To address these requirements, agile methods and DevOps principles are being adopted. This is certainly a good thing but this drive cannot be addressed without implementing automation in the application lifecycle (ALM).
On the testing front, it is now nearly impossible to develop software without any kind of automation. With the fast cadence of agile, you have to be able to test your changes very rapidly (.i.e. within two weeks) but also be able to feed that information back to developers as soon as possible (this is what we call a Shift-Left attitude). Done right, test automation is a very cost-effective solution which can be performed at different levels. For instance, you can perform:
To test the functionalities at the code level to ensure that code changes do not break existing features.
Service Layer Testing tests the business logic and make sure it meets the requirements. If you are used to manual testing, you probably expect to have a user interface in order to test the application. However, in the software world testing can be done by interacting with the application via its API. The service layer provides a very well defined semantic which can be used for testing the business logic of an application. By taking advantage of this, you can create a set of automated tests that can reliably validate this area of your application and be very cost effective.
Before shipping software, your application always has to be tested functionally. To achieve that, you need to manually interact with the User Interface, perform common scenarios, and ensure you get the correct outcome. However, this is very labour intensive and expensive in terms of manual resources as your regression suite will continuously grow as your product evolves. To circumvent those limitations, a subset of your manual tests should be automated. This is achieved by using specialized software that is capable of interacting with your application. Despite its up-front cost, test automation has a good ROI as those tests can be re-executed as often as desired without any manual intervention. Some tests are more suited for test automation such as: Simple tests: as they can be easily automated with a very good ROI. Iterative tests: by repeating the same tests with data variations (data-driven tests). Smoke tests: tests that will be executed very often. Stable tests: tests where the UI never changes.
Writing automated tests is a specialist skill. A developer in test must have competencies in both software development and testing as test scripts are nothing but code. As a consequence, the same development principles must be applied to writing test scripts such as: Abstraction, Reusability, Maintainability and Understandability. To meet those principles, it is recommended to implement a test automation framework on top of the testing tool. This ensures that best practices are being applied. This also minimizes costs when maintenance needs to be performed.
Mobile devices such as smartphones have become so important that they are now the main tool of interaction with the Internet. Ever increasingly, native applications are becoming available on those devices even before desktop ones. However, due to the competing operating systems from various vendors and also to the various form factors, the amount of testing required is phenomenal. Unless you want to restrict support to just a few models (but you will also restrict your client’s reach), you will have to test the application across tens of devices, each having different operating systems, screen ratios & resolution and capabilities. Using a mobile device test lab with real devices or a cloud-based solution will help achieve your testing goals.
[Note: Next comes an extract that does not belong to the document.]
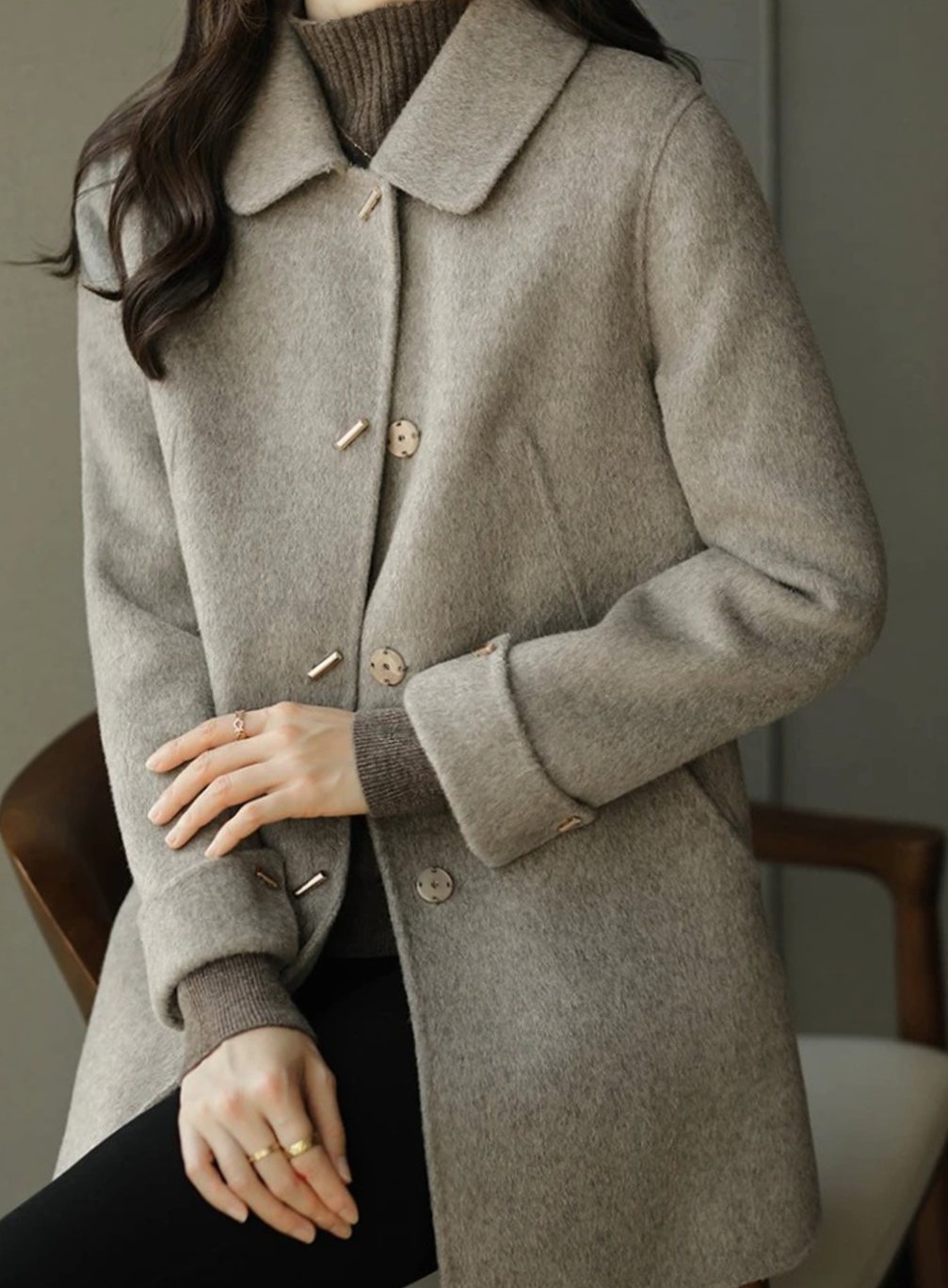 Women's Classic Button-Up Wool-Look Midi Coat - Khaki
Web-based applications are client/server applications designed to work inside a browser. With so many browser editions and versions on the market (Internet Explorer, Safari, Firefox, Chrome, etc.), it is impossible to test them all. This proves even more difficult when we consider all the various mobile devices (Android, Apple, Windows Phone to name a few) that may potentially run the application. In these circumstances, test automation can greatly help as you can write the automated test once and test it across the various browsers and mobile devices.